PROVIDED RECORDS Start Marker

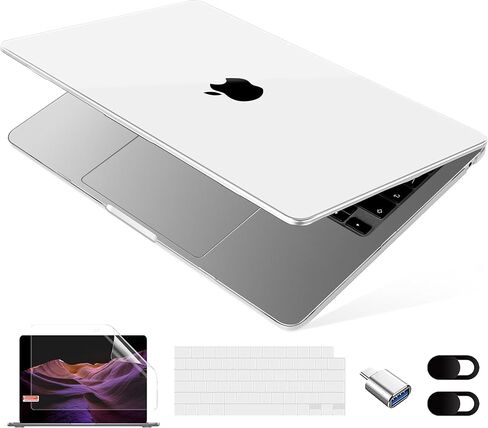 Compatible with MacBook Air 15 inch Case M3 M2 2024 2023, Model A3114 A2941 Plastic Hard Shell Cover with Keyboard Cover & Screen Protector & Webcam Cover & Type-C Adapter, Sparkly Pink in Kuwait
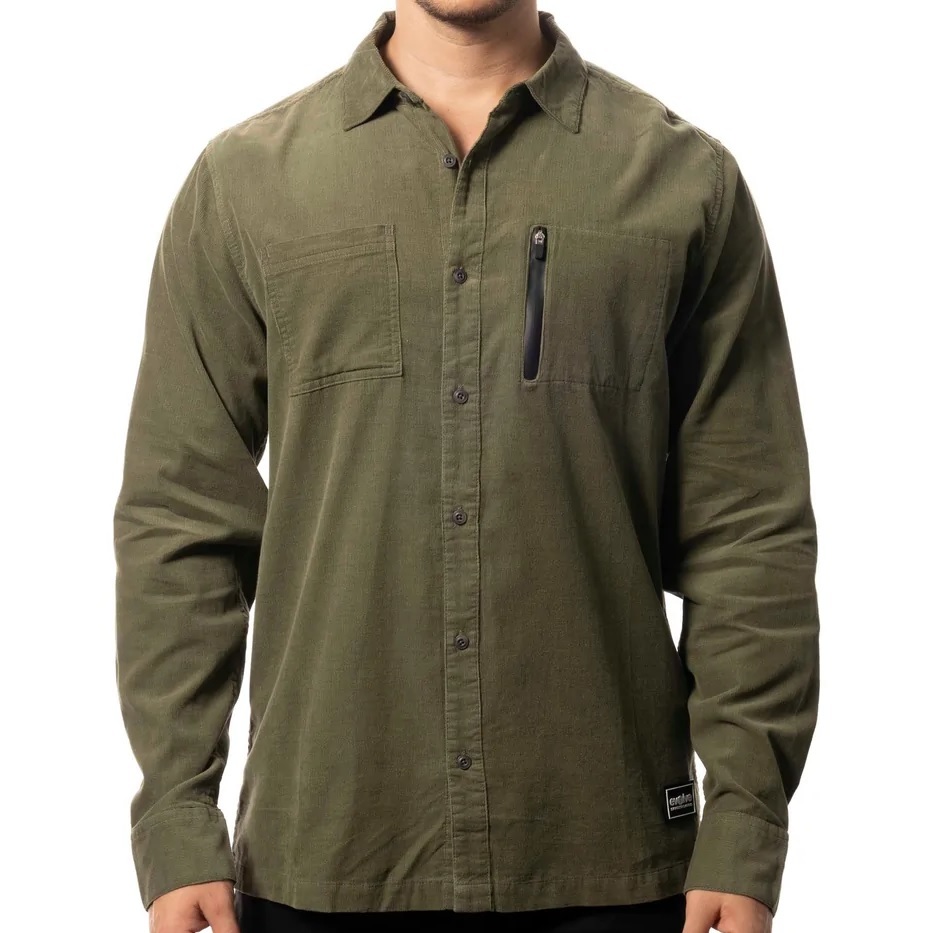 Evolve Bolt Corduroy Olive Long Sleeve Shirt [Size: M]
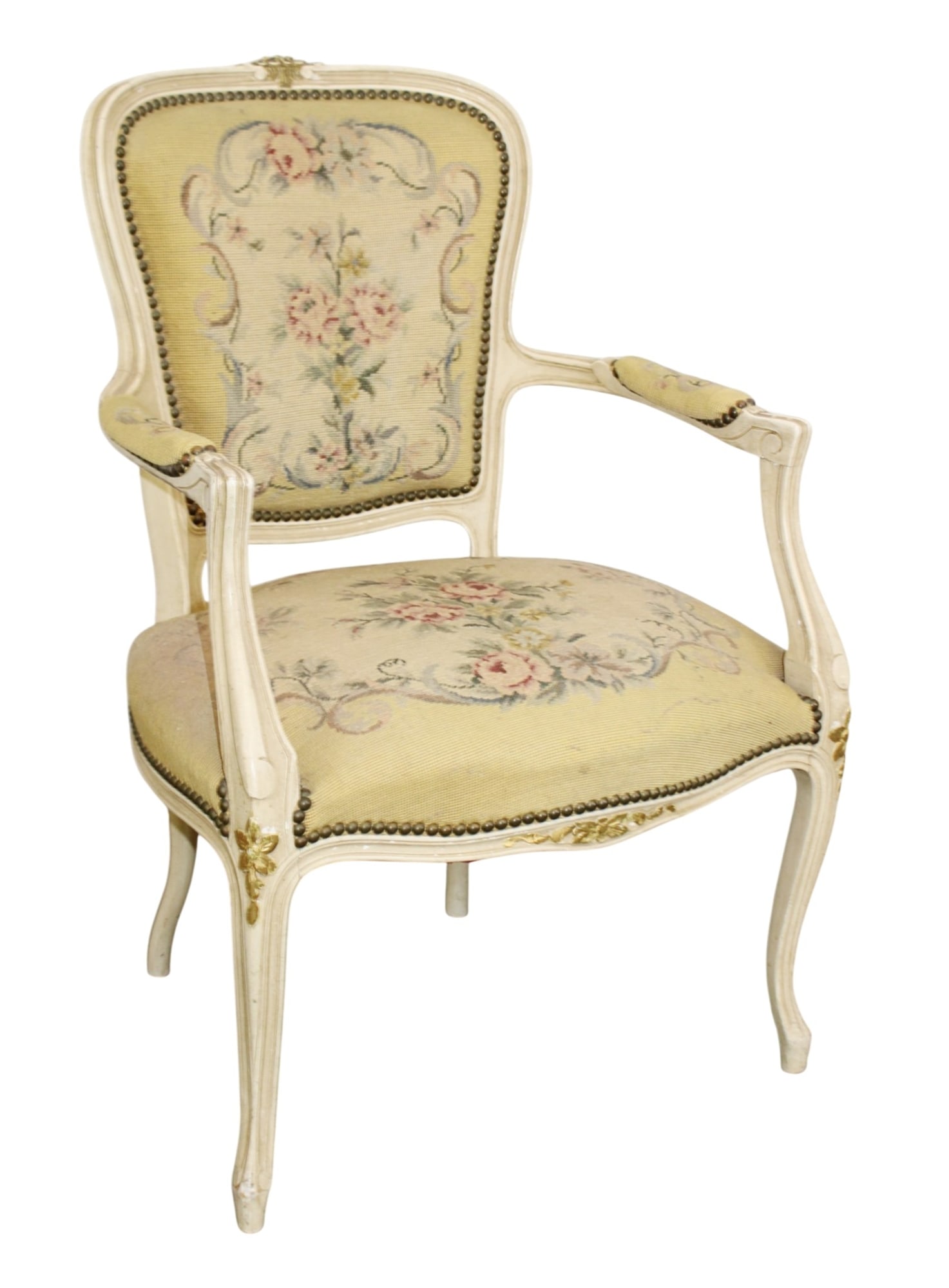 French Louis XV style armchair with floral needlepoint: French Louis XV style armchair in painted finish with floral needlepoint upholstery. Mid 20th century. 35"h x 24"w x 19"d, seat height 16"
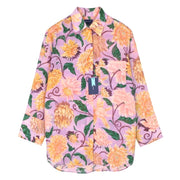 GANT OS Dahlia Print Cot Silk Women Shirt EU44 Crocus Purple Flower Print Thin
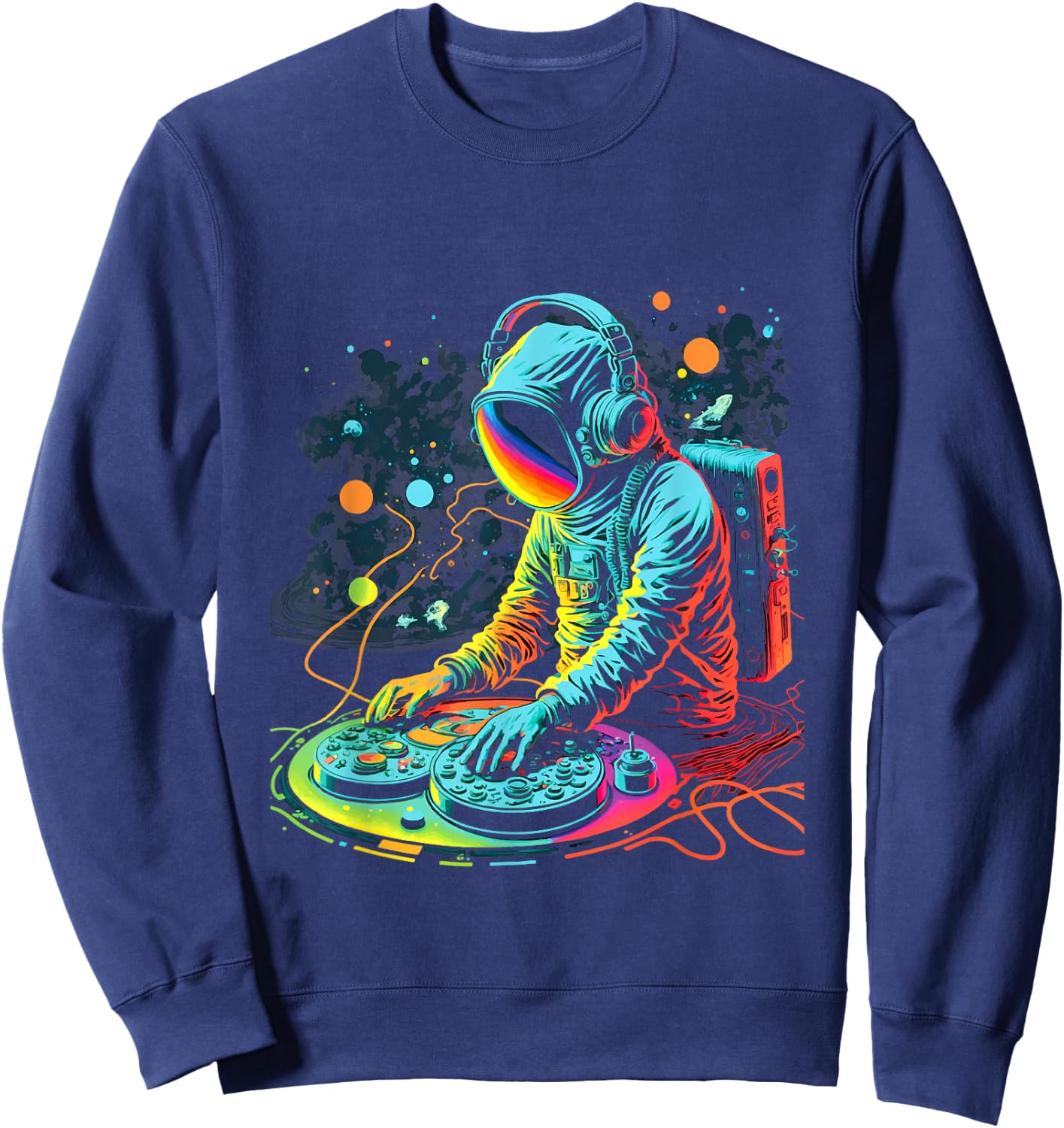 Astronaut DJ Playing Turntables in Space | EDM cool Graphic Sweatshirt - Sweatshirt | Navy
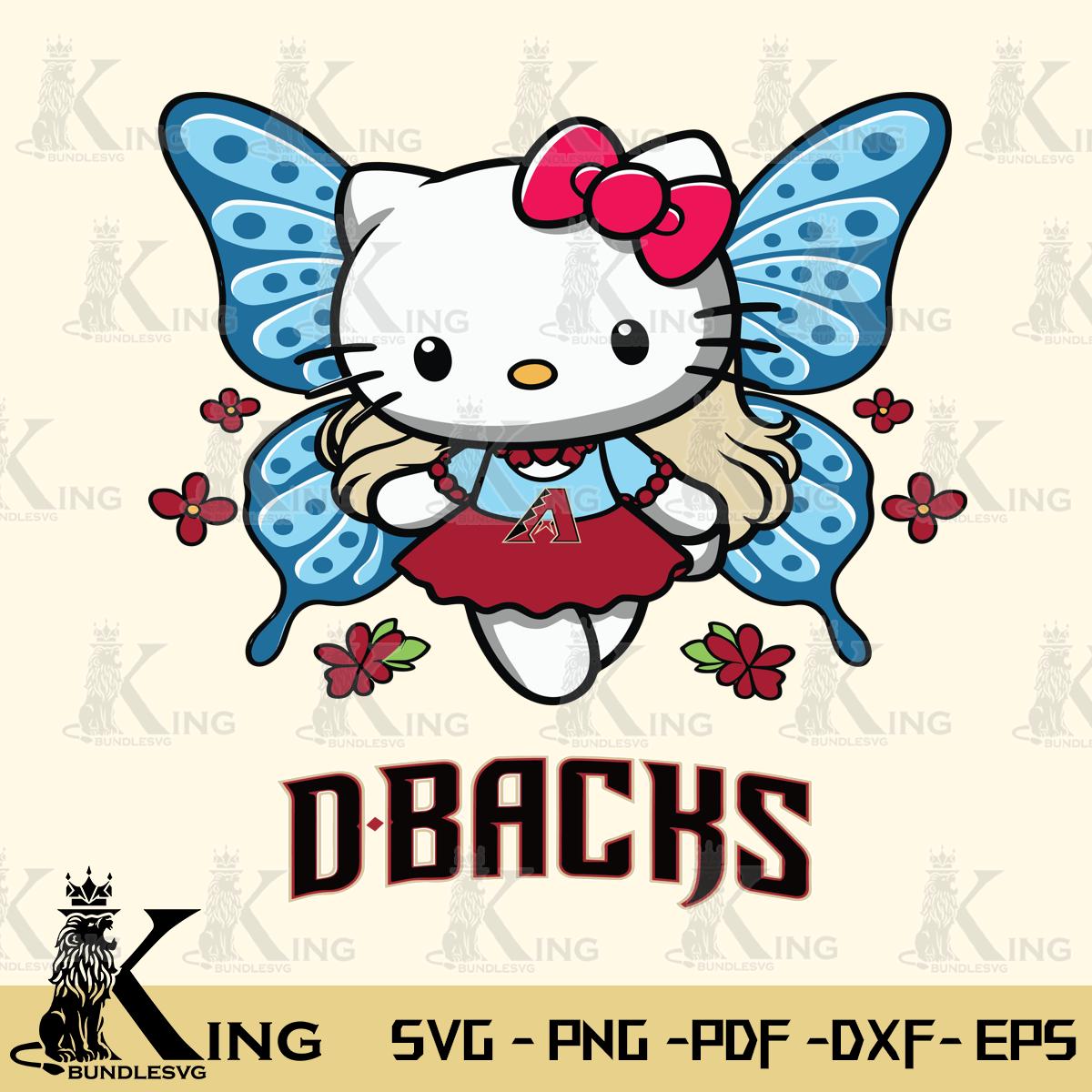 Arizona Diamondbacks Butterfly Kitty Charm Svg Eps Dxf Png File, Digital Download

PROVIDED RECORDS End Marker

*PROBLEM DETAILS*.
Retype the records above exactly, pictures omitted.

*SOLUTION TO THE EXERCISE*.
 Compatible with MacBook Air 15 inch Case M3 M2 2024 2023, Model A3114 A2941 Plastic Hard Shell Cover with Keyboard Cover & Screen Protector & Webcam Cover & Type-C Adapter, Sparkly Pink in Kuwait
 Evolve Bolt Corduroy Olive Long Sleeve Shirt [Size: M]
 French Louis XV style armchair with floral needlepoint: French Louis XV style armchair in painted finish with floral needlepoint upholstery. Mid 20th century. 35"h x 24"w x 19"d, seat height 16"
 GANT OS Dahlia Print Cot Silk Women Shirt EU44 Crocus Purple Flower Print Thin
 Astronaut DJ Playing Turntables in Space | EDM cool Graphic Sweatshirt - Sweatshirt | Navy
 Arizona Diamondbacks Butterfly Kitty Charm Svg Eps Dxf Png File, Digital Download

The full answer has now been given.